Do your volunteers know and believe that what they do matters? Don’t assume they do. Show them. Here are five ways …
Show their work on social media.
Take pictures of your volunteers in action and then post them on social media. Add comments that highlight their ministry. Here are a few examples of pictures I’ve posted on our volunteer Facebook page.
|Gardine Demesmin helping kids memorize God’s Word at our Boynton Beach Campus.|
|Roxann Taylor and Carol Wegener loving on kids and families at our Stuart Campus yesterday. Thank you ladies for helping kids and families discover how much God loves them.|
|It’s volunteers like Nick Rasek that make CF Kids such a special place for kids to learn about God.|
Connect their work to the fruit.
Make sure they know when a family is dedicating their child, when a child steps across the line of faith, when a child follows Jesus in baptism, when a child lives out something they taught, when an entire family is reached and other examples of fruit that have come from their ministry.
Let your volunteers know that they each had a part in the lives that were changed. Whether they greeted at the door or rocked a baby or taught a class or handed out a craft or led a song … God brought fruit from their ministry.

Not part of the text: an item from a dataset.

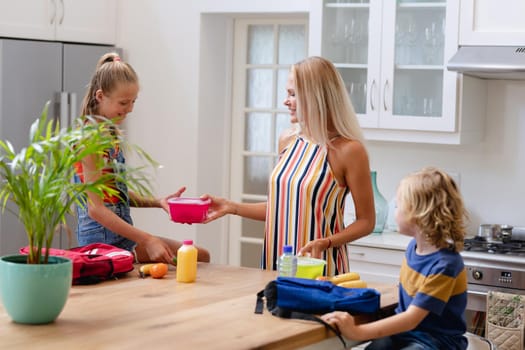 Smiling caucasian mother with son and daughter preparing packed lunches and school bags in kitchen. happy family spending time together at home.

Here’s another picture we posted a few months ago. We were celebrating with our team. One hundred thirty two kids had followed Jesus in baptism that past weekend. I wanted to remind them they each had a part in what God did.
Have the kids and families tell them.
It means so much to your volunteers to hear from the kids and families they’re impacting. Have special appreciation days where you have the kids and families bring notes to your volunteers. Pause during the children’s service and have the kids thank the volunteers for serving and impacting their lives.
One of the most impactful moments I’ve seen is when kids gather around their volunteer leader and pray for him or her. Try it. It’s priceless.
Personally tell them.
I personally remind our volunteers on a regular basis that they matter. That what they do matters. A lot. Saying “thank you” helps volunteers feel appreciated. But don’t stop there. Take it a step further. Tell them that what they do matters. This helps them feel valued.
Pass along the good words.
When you get a thank you note or email from a family that has been impacted … don’t keep it to yourself. Share it with your volunteers.